* _What this task involves_
The copy you return must match the listing word for word and carry no pictures.

* _Given material_
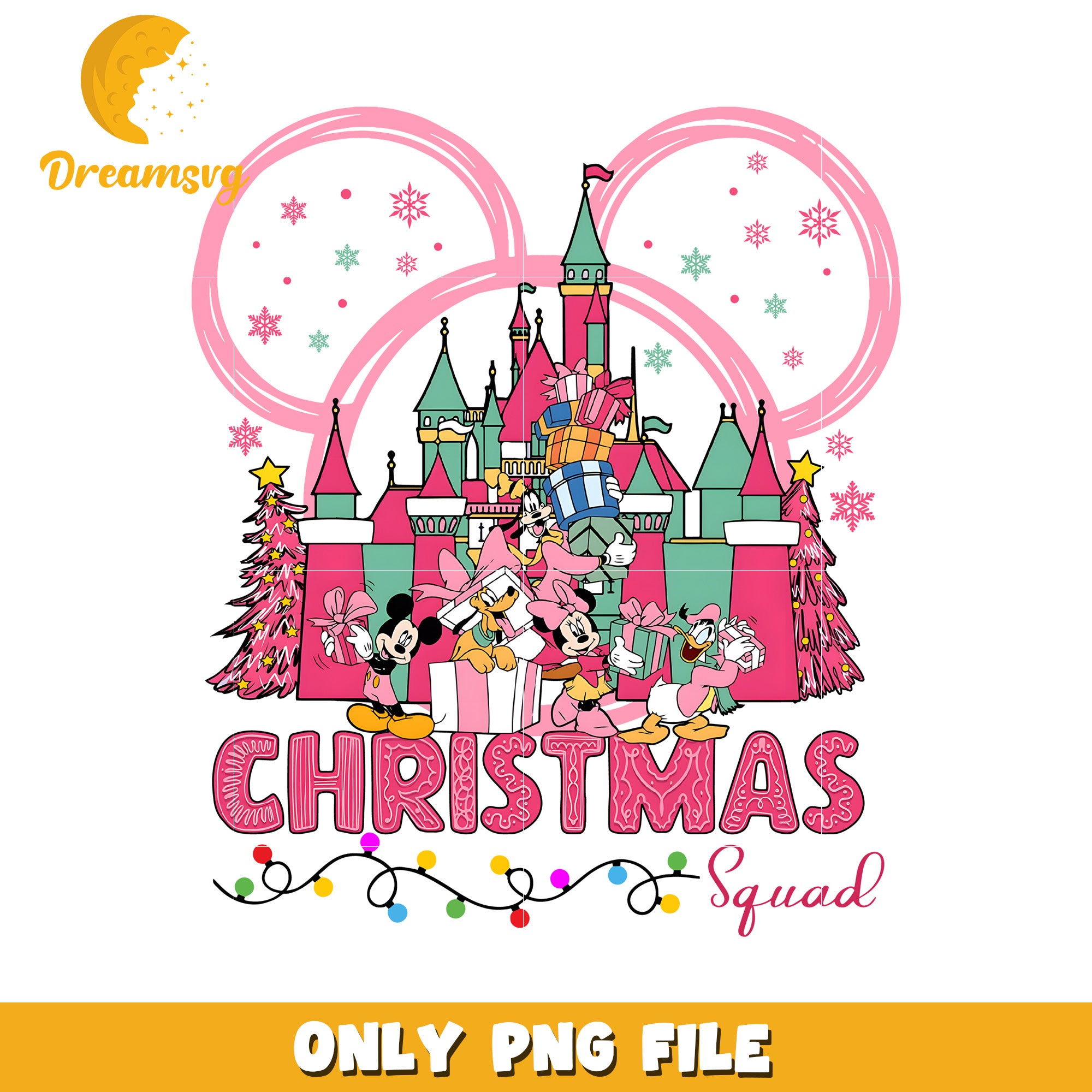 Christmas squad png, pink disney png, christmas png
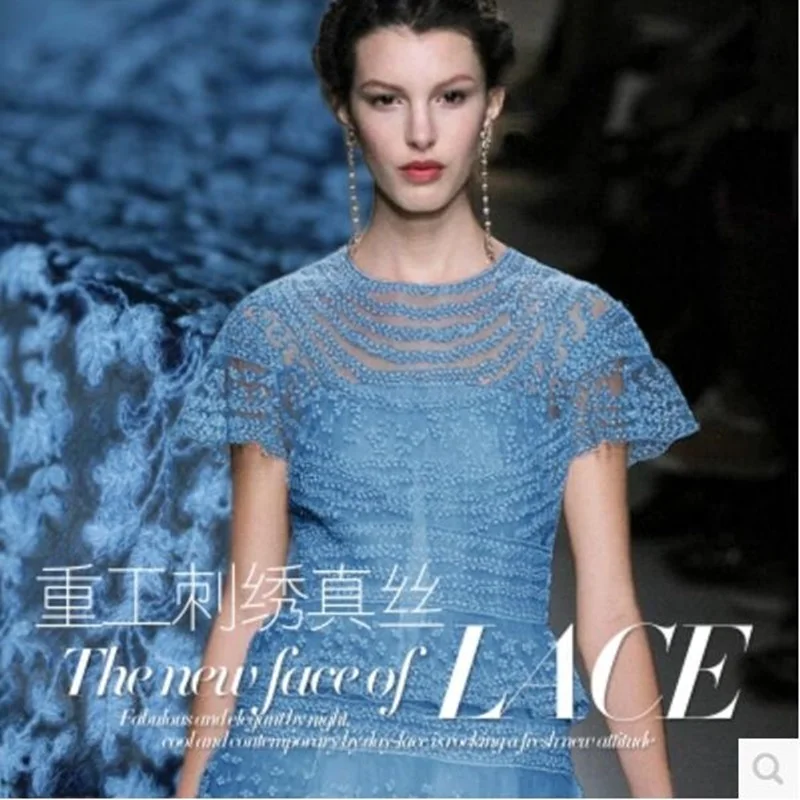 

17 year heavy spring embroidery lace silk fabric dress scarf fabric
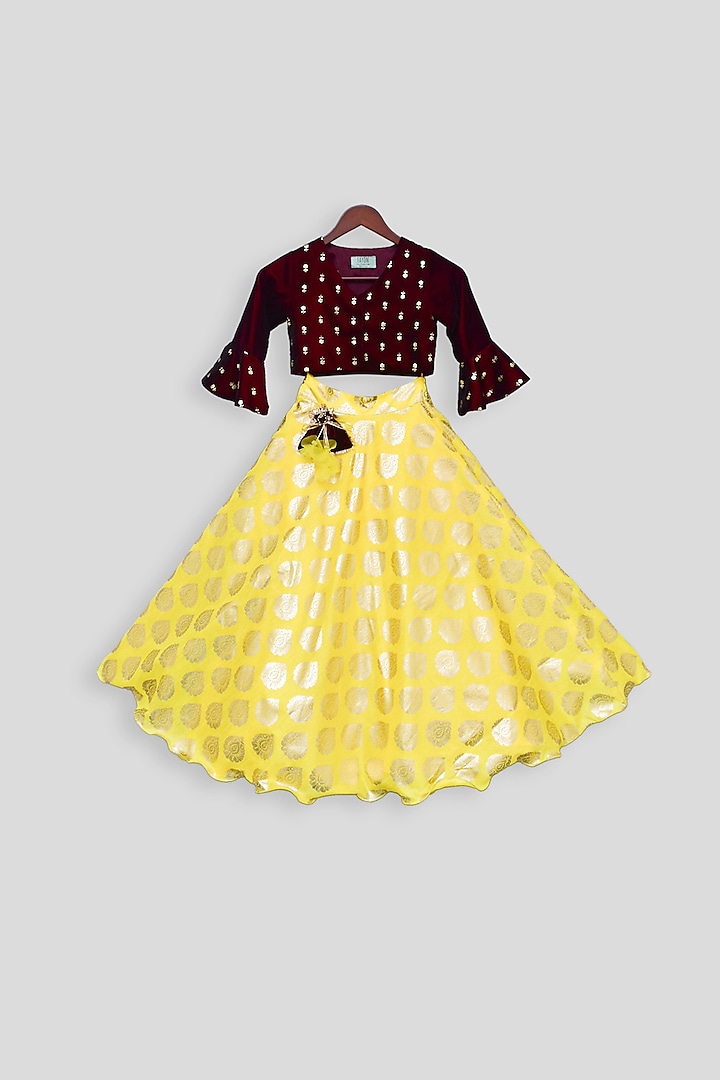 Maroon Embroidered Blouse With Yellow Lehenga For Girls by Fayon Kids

* _Written answer_
 Christmas squad png, pink disney png, christmas png

17 year heavy spring embroidery lace silk fabric dress scarf fabric
 Maroon Embroidered Blouse With Yellow Lehenga For Girls by Fayon Kids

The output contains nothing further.